EXERCISE
Restate word for word the lines of the entries below, starting with the line that holds "Mängden socker i Rosette Glatt Cachère" and ending with the line that holds "Mens Casual Cargo Pants Loose Fit", and no others.

DATA FOR ANALYSIS
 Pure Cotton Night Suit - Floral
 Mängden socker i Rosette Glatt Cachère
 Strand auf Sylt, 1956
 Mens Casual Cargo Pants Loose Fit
...
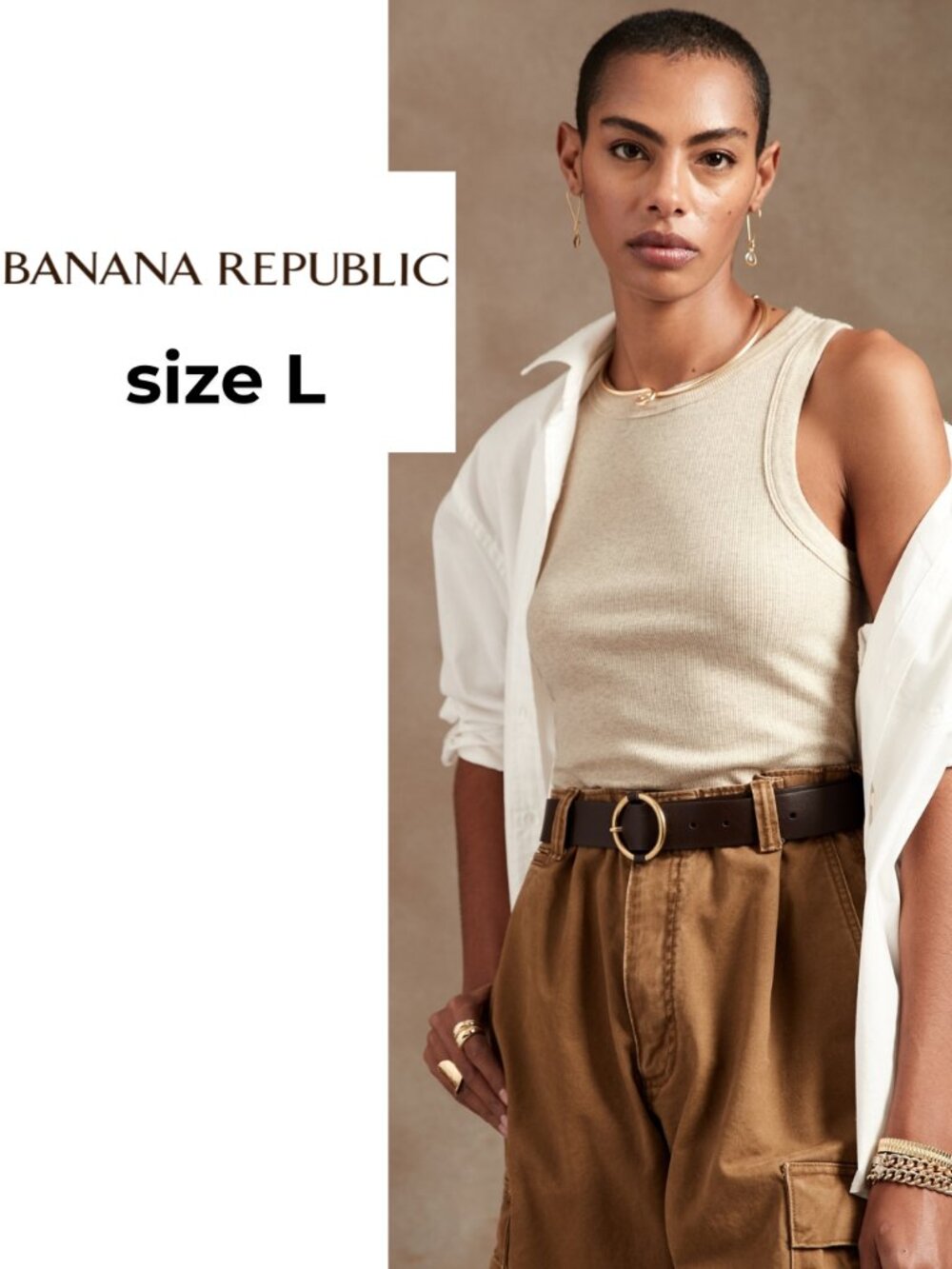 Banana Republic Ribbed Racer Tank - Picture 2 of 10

SOLVED EXERCISE
 Mängden socker i Rosette Glatt Cachère
 Strand auf Sylt, 1956
 Mens Casual Cargo Pants Loose Fit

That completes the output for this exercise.